• **Task instructions**
Repeat the data that follows verbatim. Images are not part of the copy.

Data START

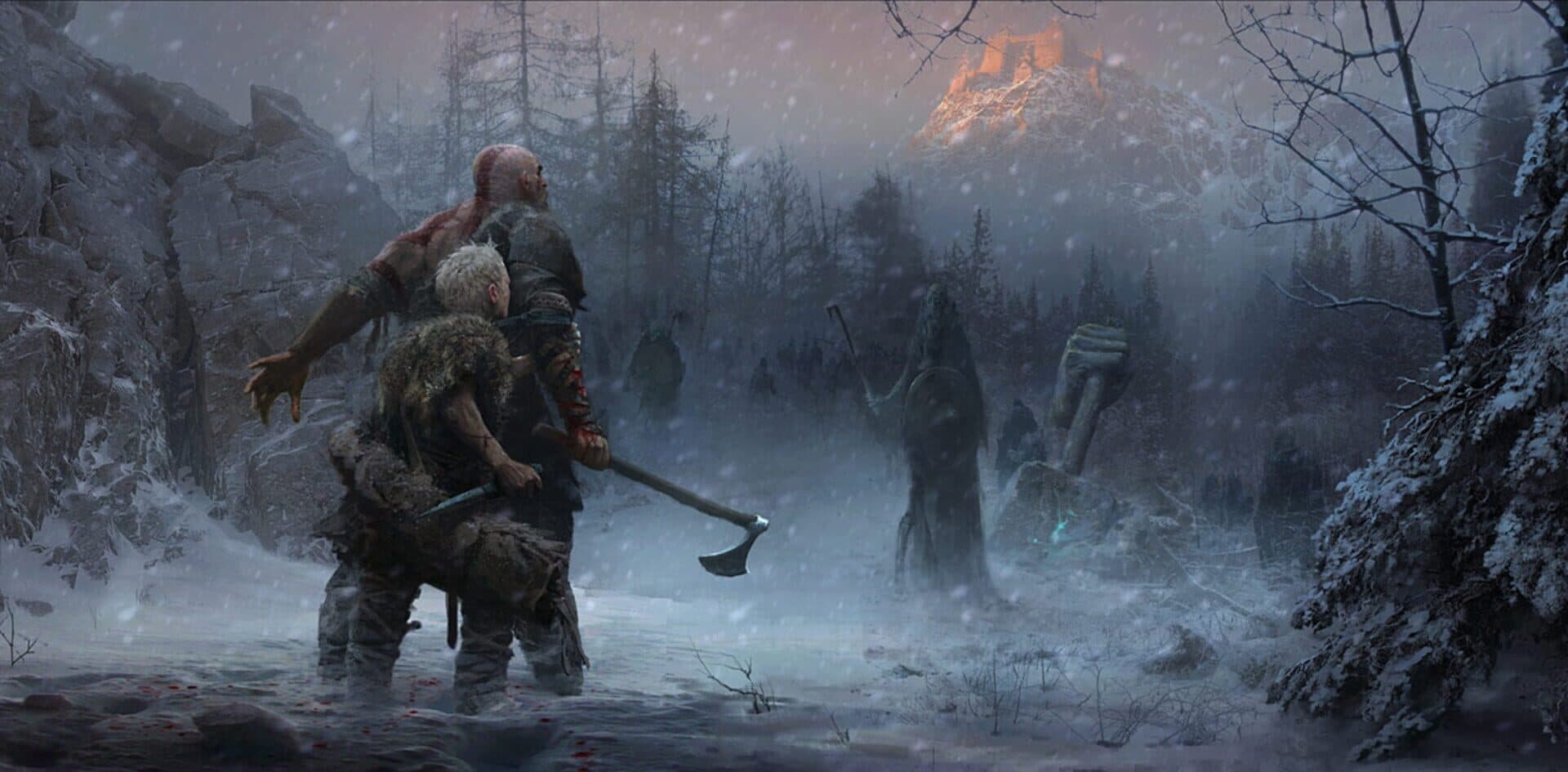 God of War artwork 3
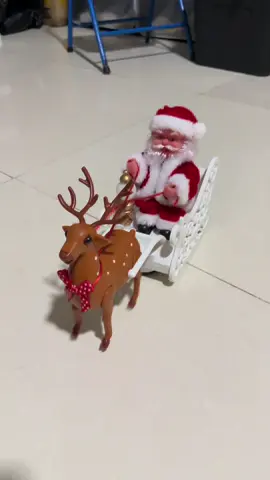 #santaclaus #ChristmasDecoration #santaclausreindeer 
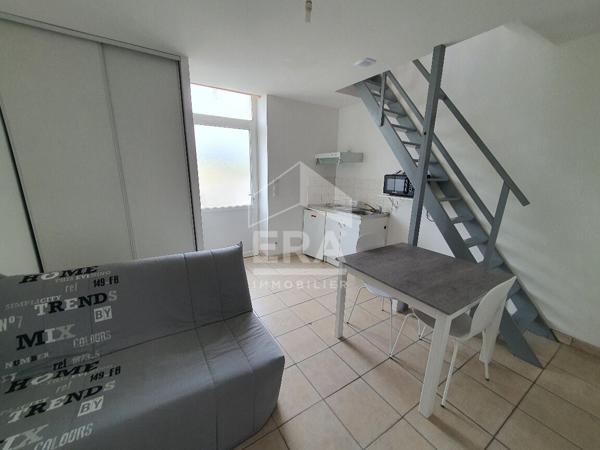 Appartement meublé - 24 m²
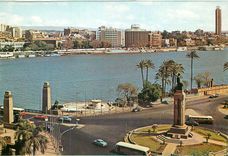 CPM Le Caire Vue General sur le Nil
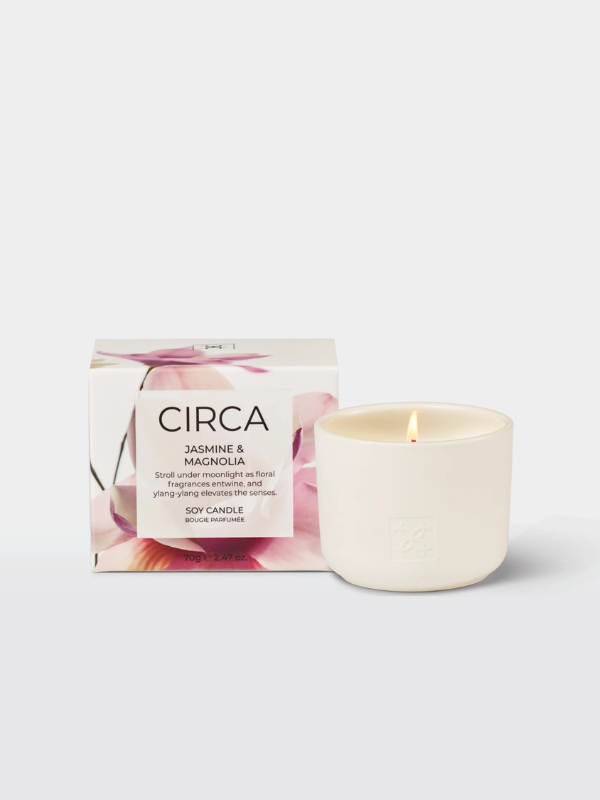 CIRCA Jasmine & Magnolia Candle 70g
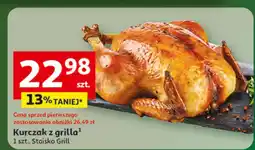 Auchan Kurczak z grilla Stołówka Grill Auchan oferta
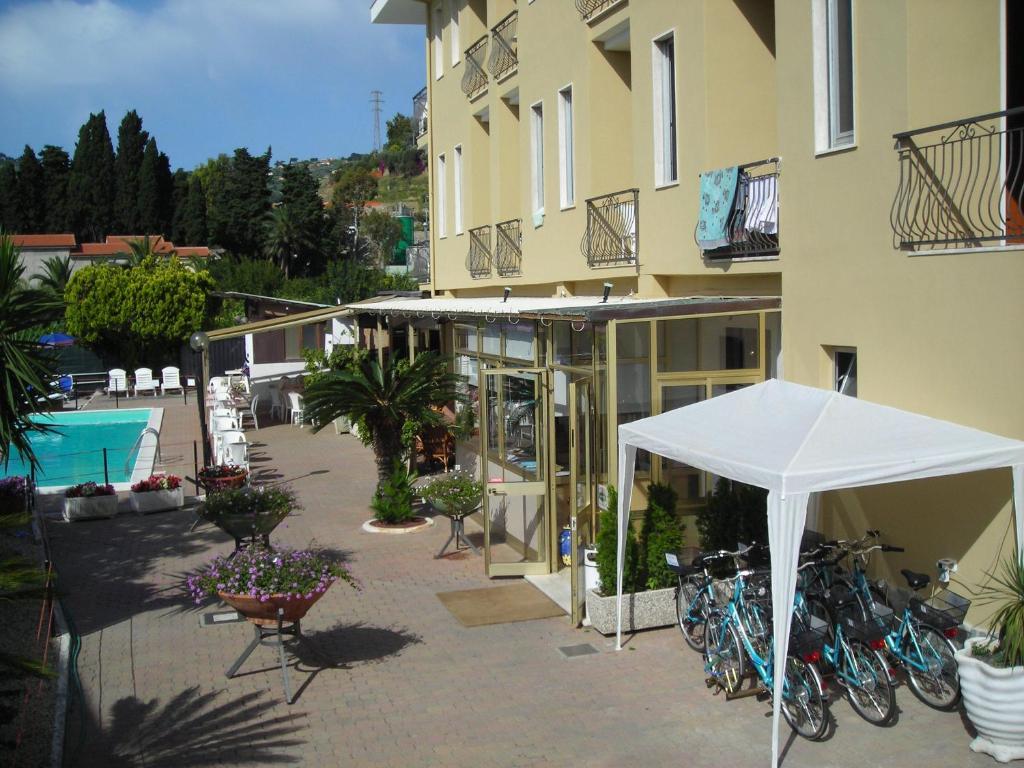 Delle Mimose Hotel Diano Marina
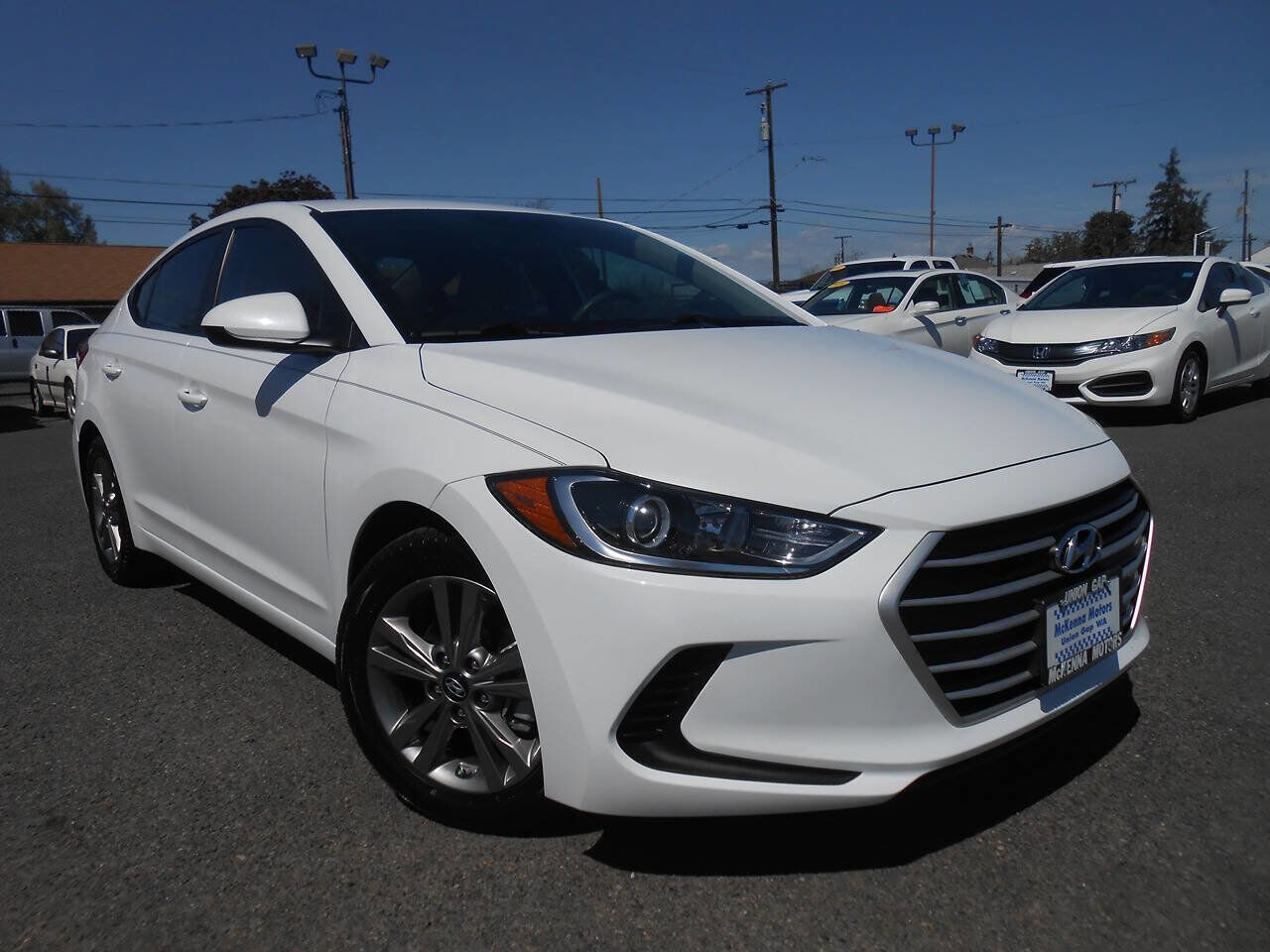 2018 HYUNDAI Elantra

Data END

• **Answer section**
 God of War artwork 3
 #santaclaus #ChristmasDecoration #santaclausreindeer 
 Appartement meublé - 24 m²
 CPM Le Caire Vue General sur le Nil
 CIRCA Jasmine & Magnolia Candle 70g
 Auchan Kurczak z grilla Stołówka Grill Auchan oferta
 Delle Mimose Hotel Diano Marina
 2018 HYUNDAI Elantra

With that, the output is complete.